In the life cycle of cultivated plants, germination and seedling development play a crucial role that influences their final productivity and, thereby, their crop yield [8]. In salt-treated plants, the limited water absorption and ion accumulation affect many biochemical processes, impairing lipid and protein reserve mobilization [9,10,11]. Moreover, salt stress influences plant cell structure at every developmental stage, particularly in seedlings [12]. Modifications of leaf anatomy, such as variation in the mesophyll and epidermis thickness and changes in the intercellular space size, were recorded in salt-affected plants, showing contrasting responses based on the species and salt-tolerance ability [13,14]. Lastly, salinity induces changes in cell organelles, such as chloroplasts, mitochondria, and plasma membranes, as well as triggers autophagic processes [15]. Salinity (sodium ions) would not necessarily affect organelles directly, but it would induce K+ loss from chloroplasts in both glycophytes and halophytes [16], leading to a change in the organellar dimension. Particularly relevant is the role of peroxisomes since the oxidative nature of this organelle’s metabolism makes it sensitive to stress [17]. Peroxisomes would increase in number in the presence of salt stress [18]. Pexophagy, the selective macroautophagy of peroxisomes, is the process by which the plant cell recycles obsolete peroxisomes [16,19]. As reported by Pu et al. [20], the occurrence of autophagy fosters plant resistance against a series of stresses, including salt stress. The autophagic process allows the transport of harmful or damaged cellular components into lytic vacuoles to be recycled, thus maintaining cellular homeostasis [21]. To regulate autophagy, eukaryotic organisms feature a serine/threonine protein kinase called the Target of Rapamycin (TOR) [22]. Under abiotic stresses, e.g., a nutrient deficiency, salt stress, and drought, the inhibition of TOR activity triggers the activation of autophagy, mitigating negative stress-induced responses [23]. Among the known TOR inhibitors, the fungal antibiotic Rapamycin is commonly used to block the activity of such a complex and to study the enhanced autophagy [24,25].

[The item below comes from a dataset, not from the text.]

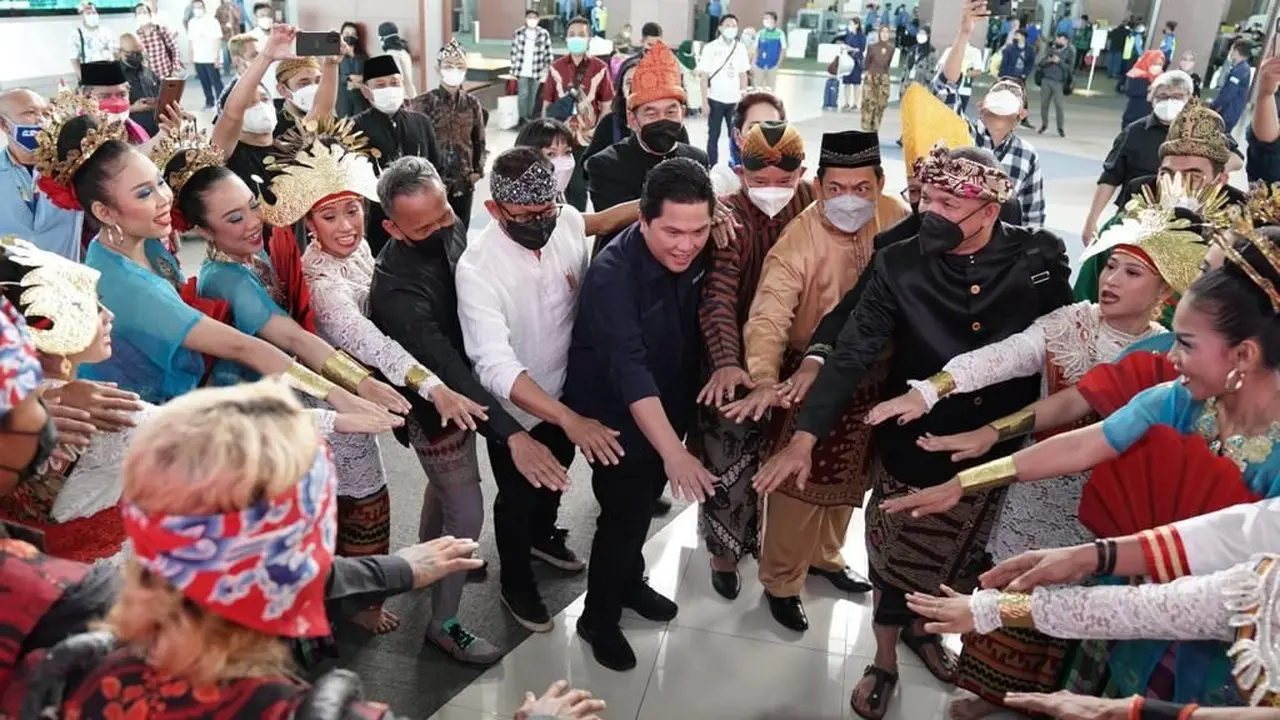 Festival Budaya Indonesia yang digelar di Terminal 3 Bandara Soekarno Hatta Tangerang Banten dihadiri oleh Menteri BUMN Erick Thohir.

Given the above considerations, in this study, we investigated the effect of Rapamycin on Eruca sativa L. seedlings. By assessing salt-induced changes in leaf anatomy and cell ultrastructure, our aim was to determine whether Rapamycin could mitigate the effects of salinity by enhancing autophagic processes in order to identify novel strategies to counteract salt stress during seed germination and early seedling development.

2. Materials and Methods

2.1. Seed Germination Set-Up

A ready-made solution of Rapamycin, 2.5 mg/mL (2.74 mm in dimethyl sulfoxide (DMSO), from Streptomyces hygroscopicus, Sigma-Aldrich^®, now Merck, Saint Louis, MO, USA), hereafter referred to as Rapamycin, was used to prepare the final culture medium.

Rapamycin was provided with DMSO as a solvent. This substance was used in the experiment because of its possible non-neutral effects: DMSO was evaluated as possibly phytotoxic in rice seedlings [26], while in barley and wheat [27], it showed other biological effects not related to toxicity (at the concentrations used in our experiment). The DMSO concentration was that derived from the amount supplied together with Rapamycin.

To evaluate the germination response to the Rapamycin supply under salt treatment, E. sativa Mill. seeds (Blumen^®, Doha, Qatar) were treated with distilled water (as a control); NaCl 1.2% w/v; DMSO 0.2% v/v (as a further control); DMSO 0.2% v/v + NaCl 1.2% w/v; Rapamycin 5 µM (supplied in DMSO 0.2% v/v); and Rapamycin 5 µM (supplied in DMSO 0.2% v/v) + NaCl 1.2% w/v. The DMSO treatment was added at the same concentration since Rapamycin was provided in a solution with DMSO 0.2% v/v. The concentration of 5 µM for Rapamycin was chosen according to previous experiments in the literature, such as those in Deng et al. [28], who stated that 5 µM is the saturating concentration for Rapamycin. The choice of the concentration of NaCl, i.e., 1.2%, was made according to previous tests carried out by the authors on E. sativa. The treatments were carried out for 96 h in a thermostatic chamber under conditions of saturated humidity, with a temperature of 21 °C, a photoperiod of 18/6 h (light/darkness), and light radiation of 200 µmol m⁻²s⁻¹.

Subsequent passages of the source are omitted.